A big weekend awaits John Mitchell. On Saturday he turns 60 and the following day he takes charge of his first women’s Six Nations game as head coach of England. Can the seen-it-all Kiwi take them to the next level? The union between the bespectacled former All Blacks head coach and an ambitious bunch of Red Roses from a different generation is certainly an intriguing one.
Because when the Rugby Football Union opted against installing a Sarina Wiegman‑type figure to deliver the women’s World Cup on home soil next year, it did not delight everybody. Even Mitchell believes the days of men heading up women’s programmes are numbered – “The future’s definitely going to be a female coach” – and the appointment of England’s Jo Yapp to the top job in Australia has stirred the whole debate afresh.
On the one hand hiring the much-travelled Mitchell makes a lot of sense. He was just 37 when he became the All Blacks coach in 2001 and his CV has included stints with England’s men under Clive Woodward and Eddie Jones. Few coaches, male or female, have a keener global grasp – “My record speaks for itself in terms of winning Test matches and I know this arena like the back of my hand” – of high performance settings. So when Mitchell suggests he was “probably more advanced in terms of dealing with pressure” than other candidates he has the scar tissue to prove it. “When you’ve been close to the pinnacle of the game … there have been some gold nuggets I’ve taken from that.”
Even so, appointing a male supremo at this high-profile juncture was akin, for some, to overlooking Taylor Swift and asking Status Quo to headline instead.
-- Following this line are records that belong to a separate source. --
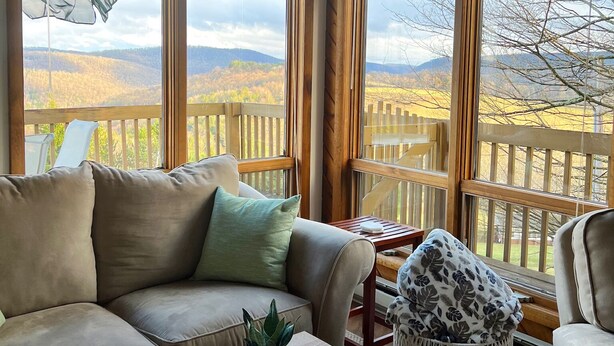A cozy room with a large window overlooking a wooden deck and hills. There's a sofa, a small table, and a patterned pouf.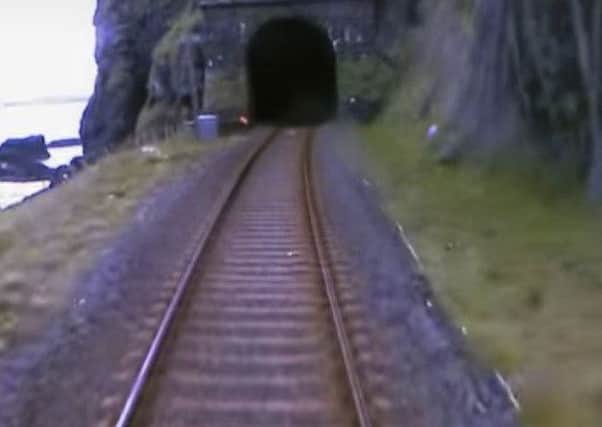 A lifeguard alerts the train driver to the danger ahead after two people wandered into Downhill tunnel. INLS 40-790-CON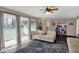 Inviting living room with large windows, comfortable seating, and stylish decor, perfect for relaxation at 500 N Shellbark Rd, Muncie, IN 47304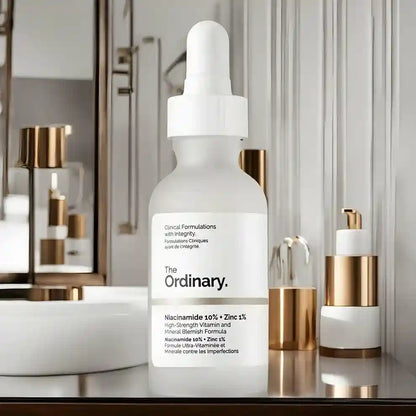The Ordinary skincare serum bottle on a bathroom counter with other products.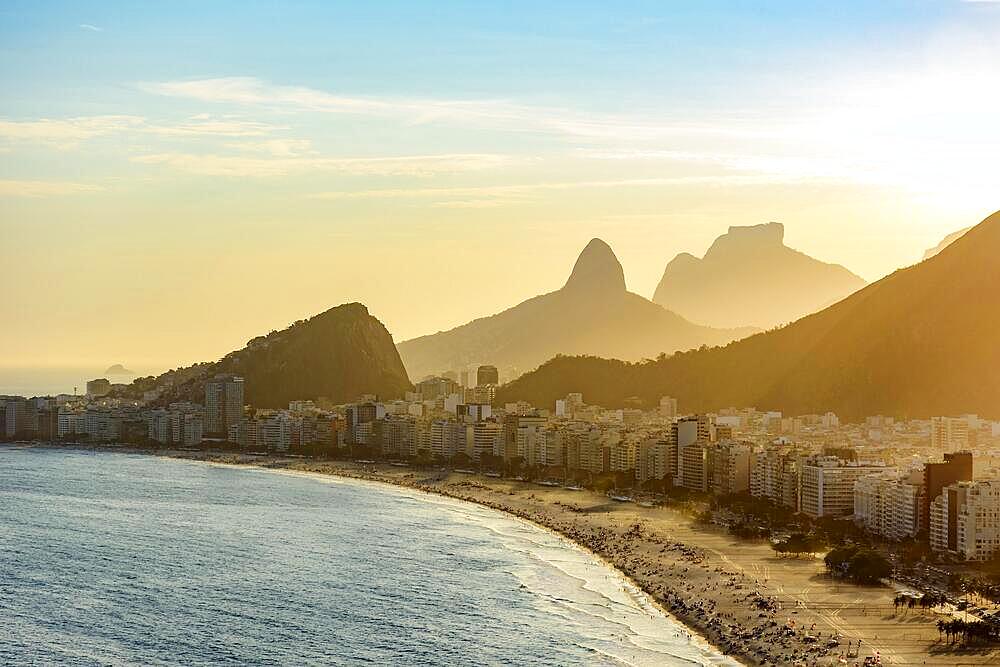 Golden sunset between Copacabana buildings and hills, Praia de Copacabana, Rio de Janeiro, Rio de Janeiro, Brasil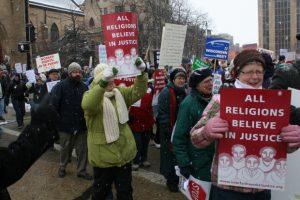 Madison-clergy-march-with-signs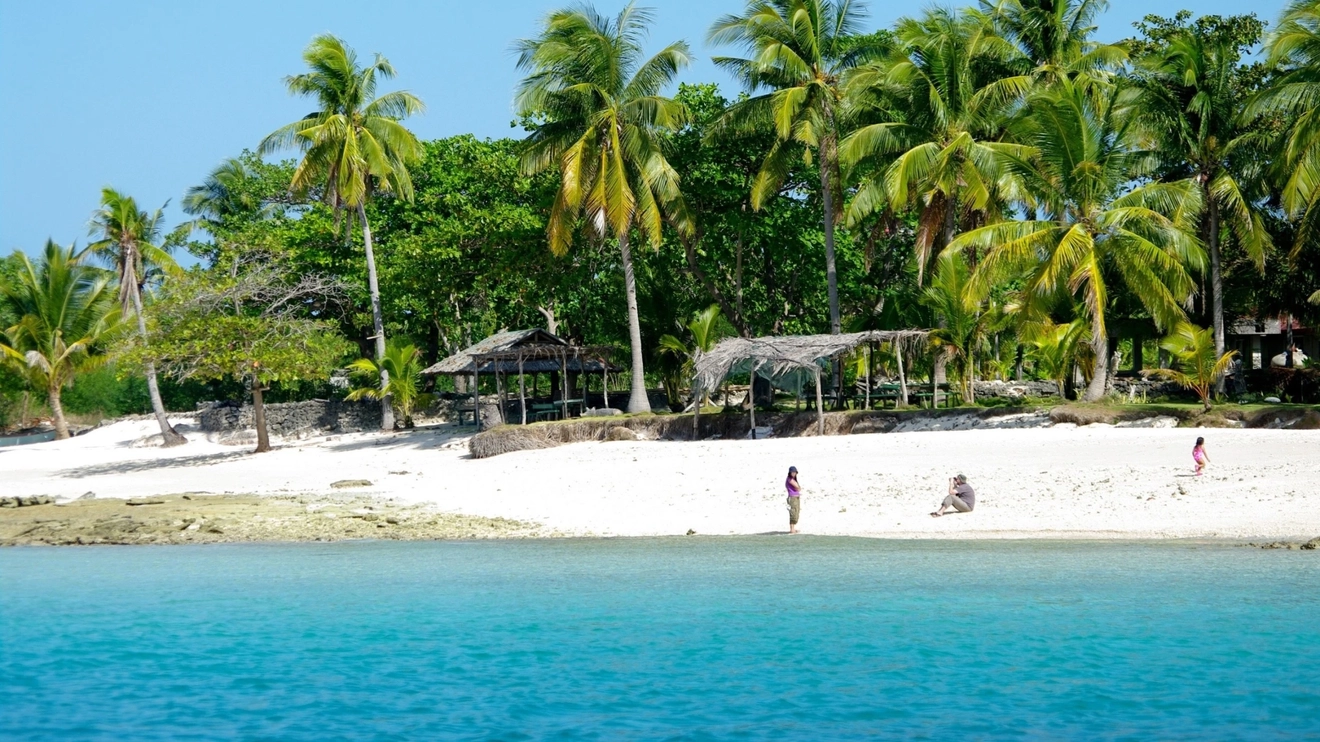 Bantayan's heavenly Virgin Beach, with palm trees, silky sand and bright blue water. Image credit: stock.adobe.com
Mitchell is no Swiftie and when he sang his squad initiation song there were no Dua Lipa dance moves either. “I’ve used Wonderwall by Oasis before but on this occasion it was Molly Malone. Often you try to hurry back to your seat but, once I could see I had a connection, I walked down the middle of the bus and put more emphasis into the chorus …”
There is much more to international coaching than confident karaoke but, equally, there is far more to Mitchell than people assume. In his recent book Danny Cipriani’s memorable description – “Tall, bald as a coot and with different coloured eyes, like David Bowie” – was accompanied by an uproarious story about a Sale team social following a win over London Irish. “By the end of the night I’m trying to judo roll John into one of those big food bins you get behind restaurants. Funnily enough, he loves that.”
That was then. These days “Mitch” lives quietly in Surrey with his South African wife, Julie, supports Woking FC, prefers to put on his glasses for photographs, enjoys listening to London Grammar and is at his happiest – “That’s my peaceful place” – barbecuing in his backyard. A grim episode in 2010, when he was stabbed in the thigh and upper arm by an intruder at his Johannesburg home, clearly prompted a reappraisal of his priorities in life and he also grimaces slightly when recalling the macho rugby culture of 1980s Waikato, when he used to share a flat with teammate Warren Gatland. “Maybe in the mens’ game – and I fell into the trap in my younger playing days – you need to adopt a certain mental state as a man. There’s a game coming and you’re serious.”
The whole mental side of sport increasingly fascinates him. His Australian‑based daughter is a psychologist in Perth while his son, Daryl, has blossomed into a standout New Zealand Test cricketer. As a coach, though, it has taken time to become more empathetic. “My leadership was pretty direct. It was the powerful truth. I wasn’t afraid to make hard decisions. When I look back on a lot of them I think they were the right decisions. But could I have articulated those decisions better? Yes.”
Those old competitive fires still smoulder, though. And amid the self-deprecating references to his old-school cauliflower ears – “One looks like a kidney, the other’s a dried apricot” – it swiftly becomes clear he feels that gender has little bearing on coaching effectiveness. “I try and deal with the human being. Everyone keeps asking: what are the differences between coaching men and women? I don’t need to know the differences. I just need to deal with what’s in front of me. And then respond to it. If the context is something I’m knowledgeable about, I’ll definitely have a strong view. If not, I’ll listen, watch and ask questions.”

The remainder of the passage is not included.